The Marlins Had a Good Week

The NL East is experiencing quite the arms race. The Braves have already signed two catchers, multiple relievers, and most recently, brought lefty Cole Hamels into the fold to add to their rotation. The Phillies, meanwhile, added Zack Wheeler on Wednesday in the largest free agent signing of the offseason to date. The Nationals and Mets have been relatively idle, though I’d expect both teams to make some noise before the offseason is over.

The division is a weird one. As of today, those four NL East teams include the representation of the reigning World Series champions, the back-to-back division winners, the best starting rotation in baseball (at the moment), and the team that has shown the most willingness to spend money on large contracts in each of the past two offseasons.

All of this, of course, excludes the Marlins, who are in the midst of a rebuild after finishing with the worst record in the National League. In the two full seasons since Derek Jeter took control as the team’s chief executive, the Marlins have lost 203 games, with the hope that a full teardown will lead to winning at some point in the near or distant future.

It’s a story we’ve heard all too often: the idea that tearing the team to shreds will lead to results in the future. In the meantime, the team maximizes its profits and demonstrates contempt for actually winning baseball games.

But, at least so far, the Marlins have taken a different approach. Rather than sit back and view the offseason from afar, as many other organizations seemingly do, they’ve been active. On Monday, the Marlins completely retooled half of their infield, claiming Jesús Aguilar off of waivers from the Rays and trading for Jonathan Villar from the Orioles. Both Aguilar and Villar carry considerable upside, and these are the types of players that a rebuilding team like the Marlins should be acquiring.

Aguilar was excellent at the plate with the Brewers in 2018, producing at a .274/.352/.539 clip with 35 homers and a 134 wRC+. He was about league-average defensively, too, and this combination resulted in a 3.1-WAR season. The results weren’t nearly the same in 2019, however, with his wRC+ dipping to 88, due mainly to a free-fall in his power hitting. The Rays picked him up about halfway through the season, and he hit better, but even then, his 101 wRC+ over his final 107 plate appearances was a far cry from the 2018 production.

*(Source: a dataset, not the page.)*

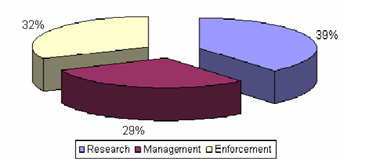 Cost segments of a fishery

Villar, on the other hand, experienced the best season of his career in 2019. Playing every game, he amassed 714 plate appearances and hit well, slashing .274/.339/.453 with 24 homers and a 107 wRC+. Villar’s speed and instincts made him the best baserunner in the league; he stole 40 bases and took the extra base 61% of the time. His defense wasn’t great, but it didn’t impact him too much — he produced 4.0 WAR, a bright spot for an Orioles team that was historically bad.

The Marlins know that it is hard to expect another 3-WAR season from Aguilar or another 4-WAR season from Villar. Steamer has relatively conservative 2020 projections for both — 0.8 WAR from Aguilar and 1.8 WAR from Villar. But there is considerable upside for both players to be worth more than that, and the Marlins know this. That’s why they made both of those moves in the first place.

The cost to bring Aguilar aboard will only be his contract as a first-time arbitration eligible player. For Villar, it will be his arbitration contract plus minor league lefty Easton Lucas, whom they traded to Baltimore to complete the deal.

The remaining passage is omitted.